- [Action item] Among the lines below, copy exactly those from the one with "Velas Fenix" through the one with "How to Build a Fish Room: Plumbing (Part 3)", counting both ends.

- [Data shown]
====================

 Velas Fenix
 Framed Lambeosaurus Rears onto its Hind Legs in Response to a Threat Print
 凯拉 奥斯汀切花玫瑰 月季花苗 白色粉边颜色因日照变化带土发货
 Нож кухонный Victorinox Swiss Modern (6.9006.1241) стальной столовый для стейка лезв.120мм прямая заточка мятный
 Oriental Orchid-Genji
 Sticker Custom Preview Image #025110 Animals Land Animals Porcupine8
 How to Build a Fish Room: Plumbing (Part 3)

====================

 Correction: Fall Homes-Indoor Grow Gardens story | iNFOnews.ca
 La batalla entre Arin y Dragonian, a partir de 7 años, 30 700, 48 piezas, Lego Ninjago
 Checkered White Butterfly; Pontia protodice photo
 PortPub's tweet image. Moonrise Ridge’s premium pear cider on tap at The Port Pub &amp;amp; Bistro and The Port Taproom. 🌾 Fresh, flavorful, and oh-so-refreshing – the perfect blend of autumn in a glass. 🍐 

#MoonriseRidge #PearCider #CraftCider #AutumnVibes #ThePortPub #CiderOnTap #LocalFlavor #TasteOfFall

====================

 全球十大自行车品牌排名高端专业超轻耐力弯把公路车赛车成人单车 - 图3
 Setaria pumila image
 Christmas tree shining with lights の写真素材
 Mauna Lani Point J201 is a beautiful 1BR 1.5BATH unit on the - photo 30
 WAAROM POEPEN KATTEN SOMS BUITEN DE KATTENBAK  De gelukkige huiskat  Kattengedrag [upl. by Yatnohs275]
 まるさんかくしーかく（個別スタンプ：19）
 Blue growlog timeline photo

====================

- [Solution]
 Velas Fenix
 Framed Lambeosaurus Rears onto its Hind Legs in Response to a Threat Print
 凯拉 奥斯汀切花玫瑰 月季花苗 白色粉边颜色因日照变化带土发货
 Нож кухонный Victorinox Swiss Modern (6.9006.1241) стальной столовый для стейка лезв.120мм прямая заточка мятный
 Oriental Orchid-Genji
 Sticker Custom Preview Image #025110 Animals Land Animals Porcupine8
 How to Build a Fish Room: Plumbing (Part 3)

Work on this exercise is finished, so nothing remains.